*** Opening Material shown ***

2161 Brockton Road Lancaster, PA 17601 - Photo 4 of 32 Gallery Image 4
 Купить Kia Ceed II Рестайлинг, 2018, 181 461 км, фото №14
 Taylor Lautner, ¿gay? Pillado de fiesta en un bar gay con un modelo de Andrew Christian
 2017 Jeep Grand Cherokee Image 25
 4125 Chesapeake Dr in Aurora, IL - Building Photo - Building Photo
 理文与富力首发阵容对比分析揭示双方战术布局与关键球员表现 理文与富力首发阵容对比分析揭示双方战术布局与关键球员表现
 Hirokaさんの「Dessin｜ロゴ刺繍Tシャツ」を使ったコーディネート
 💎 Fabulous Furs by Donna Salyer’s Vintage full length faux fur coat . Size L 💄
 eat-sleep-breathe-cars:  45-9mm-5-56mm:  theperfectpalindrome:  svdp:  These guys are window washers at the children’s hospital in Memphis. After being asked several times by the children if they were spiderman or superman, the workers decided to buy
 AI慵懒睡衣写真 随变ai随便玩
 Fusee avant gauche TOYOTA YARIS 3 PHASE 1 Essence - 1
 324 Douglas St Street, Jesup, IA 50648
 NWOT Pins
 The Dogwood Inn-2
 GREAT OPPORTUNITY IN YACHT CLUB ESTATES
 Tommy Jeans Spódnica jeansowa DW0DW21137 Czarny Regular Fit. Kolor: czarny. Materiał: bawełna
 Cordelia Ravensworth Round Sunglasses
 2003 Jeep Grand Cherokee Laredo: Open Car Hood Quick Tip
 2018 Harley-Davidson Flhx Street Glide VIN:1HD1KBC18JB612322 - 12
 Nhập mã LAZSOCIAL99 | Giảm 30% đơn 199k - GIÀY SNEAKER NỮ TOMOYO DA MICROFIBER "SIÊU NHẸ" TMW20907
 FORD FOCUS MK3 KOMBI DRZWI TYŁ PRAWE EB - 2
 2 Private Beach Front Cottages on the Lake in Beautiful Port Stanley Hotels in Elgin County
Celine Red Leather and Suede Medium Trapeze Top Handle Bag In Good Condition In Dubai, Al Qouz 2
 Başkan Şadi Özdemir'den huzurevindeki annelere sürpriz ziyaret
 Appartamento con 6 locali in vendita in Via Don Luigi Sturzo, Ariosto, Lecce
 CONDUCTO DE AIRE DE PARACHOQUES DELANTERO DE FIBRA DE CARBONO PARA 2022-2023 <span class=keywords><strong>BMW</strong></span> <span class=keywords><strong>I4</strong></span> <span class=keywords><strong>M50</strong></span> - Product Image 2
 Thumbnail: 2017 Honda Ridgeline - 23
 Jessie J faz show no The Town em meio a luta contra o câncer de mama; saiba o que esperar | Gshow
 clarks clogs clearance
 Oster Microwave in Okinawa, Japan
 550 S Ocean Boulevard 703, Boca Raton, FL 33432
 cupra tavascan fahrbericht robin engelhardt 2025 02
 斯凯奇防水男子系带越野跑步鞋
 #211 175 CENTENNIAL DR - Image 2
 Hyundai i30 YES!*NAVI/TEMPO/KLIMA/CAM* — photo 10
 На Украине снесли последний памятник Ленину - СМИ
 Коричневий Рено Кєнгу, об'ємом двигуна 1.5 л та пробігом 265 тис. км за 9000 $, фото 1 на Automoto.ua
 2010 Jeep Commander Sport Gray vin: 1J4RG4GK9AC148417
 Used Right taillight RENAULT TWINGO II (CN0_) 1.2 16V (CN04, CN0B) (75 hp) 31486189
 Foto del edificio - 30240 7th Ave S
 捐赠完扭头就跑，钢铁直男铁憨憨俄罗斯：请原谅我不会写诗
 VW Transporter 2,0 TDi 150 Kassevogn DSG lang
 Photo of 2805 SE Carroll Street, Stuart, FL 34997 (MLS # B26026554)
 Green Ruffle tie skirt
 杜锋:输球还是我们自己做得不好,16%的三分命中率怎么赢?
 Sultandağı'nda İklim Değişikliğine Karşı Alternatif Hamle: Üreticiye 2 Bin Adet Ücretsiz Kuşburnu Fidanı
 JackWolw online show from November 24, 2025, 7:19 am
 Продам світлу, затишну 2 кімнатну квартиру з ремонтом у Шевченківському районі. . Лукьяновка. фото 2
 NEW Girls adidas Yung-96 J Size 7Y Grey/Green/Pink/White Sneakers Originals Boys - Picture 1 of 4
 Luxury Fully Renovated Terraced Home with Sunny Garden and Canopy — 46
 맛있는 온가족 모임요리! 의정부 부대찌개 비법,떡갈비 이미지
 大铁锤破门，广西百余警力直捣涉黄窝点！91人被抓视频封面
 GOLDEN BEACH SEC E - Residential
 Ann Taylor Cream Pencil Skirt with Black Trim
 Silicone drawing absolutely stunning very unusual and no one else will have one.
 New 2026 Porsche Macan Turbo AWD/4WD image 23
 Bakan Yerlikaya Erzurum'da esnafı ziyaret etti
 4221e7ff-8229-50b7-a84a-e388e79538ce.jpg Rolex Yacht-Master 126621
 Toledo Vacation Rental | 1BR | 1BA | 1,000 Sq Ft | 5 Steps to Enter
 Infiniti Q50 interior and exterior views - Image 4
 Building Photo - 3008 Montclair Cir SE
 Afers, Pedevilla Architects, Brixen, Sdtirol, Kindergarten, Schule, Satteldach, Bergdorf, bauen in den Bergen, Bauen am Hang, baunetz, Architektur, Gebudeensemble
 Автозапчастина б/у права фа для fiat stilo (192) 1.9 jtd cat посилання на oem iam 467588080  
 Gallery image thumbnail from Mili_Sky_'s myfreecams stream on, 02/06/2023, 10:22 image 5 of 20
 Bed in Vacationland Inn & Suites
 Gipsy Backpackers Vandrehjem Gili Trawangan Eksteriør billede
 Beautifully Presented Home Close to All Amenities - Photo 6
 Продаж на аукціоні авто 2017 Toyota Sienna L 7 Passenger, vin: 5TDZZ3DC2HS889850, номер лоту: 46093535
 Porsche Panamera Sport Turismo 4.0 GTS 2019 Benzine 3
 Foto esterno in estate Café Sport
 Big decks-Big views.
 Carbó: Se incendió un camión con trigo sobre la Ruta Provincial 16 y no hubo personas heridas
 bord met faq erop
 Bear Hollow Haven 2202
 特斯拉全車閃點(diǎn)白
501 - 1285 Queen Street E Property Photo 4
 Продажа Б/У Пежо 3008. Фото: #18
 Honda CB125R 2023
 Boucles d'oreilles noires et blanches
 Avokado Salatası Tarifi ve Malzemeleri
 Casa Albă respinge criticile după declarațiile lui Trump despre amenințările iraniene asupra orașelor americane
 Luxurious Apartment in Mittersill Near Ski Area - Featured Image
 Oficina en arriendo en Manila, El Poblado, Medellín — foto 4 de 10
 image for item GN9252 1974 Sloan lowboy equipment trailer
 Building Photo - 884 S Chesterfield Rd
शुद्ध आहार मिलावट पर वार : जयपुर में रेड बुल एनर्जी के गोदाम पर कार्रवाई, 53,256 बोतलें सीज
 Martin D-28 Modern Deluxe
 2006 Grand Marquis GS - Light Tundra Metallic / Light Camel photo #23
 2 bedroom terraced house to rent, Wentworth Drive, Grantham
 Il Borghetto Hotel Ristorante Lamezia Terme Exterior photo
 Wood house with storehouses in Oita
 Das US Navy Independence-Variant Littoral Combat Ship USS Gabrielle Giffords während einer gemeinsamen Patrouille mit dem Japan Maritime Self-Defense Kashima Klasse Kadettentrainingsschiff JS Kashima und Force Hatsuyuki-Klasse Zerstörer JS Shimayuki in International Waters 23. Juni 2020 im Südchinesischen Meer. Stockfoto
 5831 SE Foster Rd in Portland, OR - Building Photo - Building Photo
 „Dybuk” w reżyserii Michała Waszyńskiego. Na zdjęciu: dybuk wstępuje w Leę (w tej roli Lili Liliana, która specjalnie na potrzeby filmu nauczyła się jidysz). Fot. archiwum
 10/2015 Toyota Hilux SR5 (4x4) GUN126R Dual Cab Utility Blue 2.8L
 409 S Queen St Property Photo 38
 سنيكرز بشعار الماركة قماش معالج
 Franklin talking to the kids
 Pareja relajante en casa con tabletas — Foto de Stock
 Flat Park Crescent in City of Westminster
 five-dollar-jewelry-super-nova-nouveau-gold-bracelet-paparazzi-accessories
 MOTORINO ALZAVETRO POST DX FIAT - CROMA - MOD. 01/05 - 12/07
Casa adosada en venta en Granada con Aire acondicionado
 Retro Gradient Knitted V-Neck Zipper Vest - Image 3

*** Closing Material shown ***

Instructions to follow
Copy exactly the stretch of data above from the line with "Green Ruffle tie skirt" through the line with "JackWolw online show", and omit all other lines.

Exercise answer
 Green Ruffle tie skirt
 杜锋:输球还是我们自己做得不好,16%的三分命中率怎么赢?
 Sultandağı'nda İklim Değişikliğine Karşı Alternatif Hamle: Üreticiye 2 Bin Adet Ücretsiz Kuşburnu Fidanı
 JackWolw online show from November 24, 2025, 7:19 am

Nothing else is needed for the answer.